Metadata-Version: 2.1
Name: modis-crawler-utils
Version: 0.2.81
Summary: Scrapy utils for Modis crawlers projects.
Home-page: https://gitlab.at.ispras.ru/crawlers/crawler-utils
License: BSD
Author: Varlamov
Author-email: varlamov@ispras.ru
Requires-Python: >=3.9,<4.0
Classifier: Development Status :: 3 - Alpha
Classifier: Framework :: Scrapy
Classifier: Intended Audience :: Developers
Classifier: License :: OSI Approved :: BSD License
Classifier: License :: Other/Proprietary License
Classifier: Operating System :: OS Independent
Classifier: Programming Language :: Python :: 3
Classifier: Programming Language :: Python :: 3.9
Classifier: Programming Language :: Python :: 3.10
Classifier: Programming Language :: Python :: 3.11
Requires-Dist: Pillow (>=7.1.2)
Requires-Dist: certifi
Requires-Dist: cryptography (==36.0.2)
Requires-Dist: dateparser (>=1.0.0)
Requires-Dist: elasticsearch (==7.8.1)
Requires-Dist: ephemeral-port-reserve (>=1.1.1)
Requires-Dist: itemadapter (>=0.2.0)
Requires-Dist: kafka-python (>=2.0.1)
Requires-Dist: pymongo (>=3.10.1)
Requires-Dist: pyopenssl (==22.0.0)
Requires-Dist: python-logstash (>=0.4.6)
Requires-Dist: requests (>=2.23.0)
Requires-Dist: scrapy (>=2.6.0)
Requires-Dist: scrapy-puppeteer-client (>=0.0.6)
Requires-Dist: scrapy-splash (>=0.8.0)
Requires-Dist: twisted
Project-URL: Repository, https://gitlab.at.ispras.ru/crawlers/crawler-utils
Description-Content-Type: text/markdown

# crawler-utils

Scrapy utils for Modis crawlers projects.

## MongoDB

Some utils connected with mongodb. 

MongoDBPipeline - pipeline for saving items in mongodb. 

Params:
* MONGODB_SERVER - address of mongodb database.
* MONGODB_PORT - port of mongodb database.
* MONGODB_DB - database where to save data.
* MONGODB_USERNAME - username for authentication in mongodb in MONGODB_DB database.
* MONGODB_PWD - password for authentication.
* DEFAULT_MONGODB_COLLECTION - default collection where to save data (default value is `test`).
* MONGODB_COLLECTION_KEY - key of item which identifies items collection name (`MONGO_COLLECTION`)
 where to save item (default value is `collection`).
* MONGODB_UNIQUE_KEY - key of item which identifies item
## Kafka

Some utils connected with kafka. 

KafkaPipeline - pipeline for pushing items into kafka.
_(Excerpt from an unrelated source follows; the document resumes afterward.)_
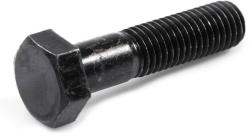  Hatlapfejű részmenetes csavar M10x40x1, 25 finom menet 10.9 natúr (KOE-9601040125)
Pipeline outputs data into stream with name `{RESOURCE_TAG}.{DATA_TYPE}`.
Where `RESOURCE_TAG` is tag of resource from which data is crawled and `DATA_TYPE` is type of 
data crawled: `data`, `post`, `comment`, `like`, `user`, `friend`, `share`, `member`, `news`, 
`community`.

 Params:
* KAFKA_ADDRESS - address of kafka broker.
* KAFKA_KEY - key of item which is put into kafka record key.
* KAFKA_RESOURCE_TAG_KEY - key of item which identifies item `RESOURCE_TAG` (default value is `platform`)
* KAFKA_DEFAULT_RESOURCE_TAG - default `RESOURCE_TAG` for crawled items without `KAFKA_RESOURCE_TAG_KEY` (default value is `crawler`)
* KAFKA_DATA_TYPE_KEY - key of item from which identifies item `DATA_TYPE` (default value is `type`).
* KAFKA_DEFAULT_DATA_TYPE - default `DATA_TYPE` for crawled items without `KAFKA_DATA_TYPE_KEY` (default value is `data`).
* KAFKA_COMPRESSION_TYPE - type of data compression in kafka for example `gzip`.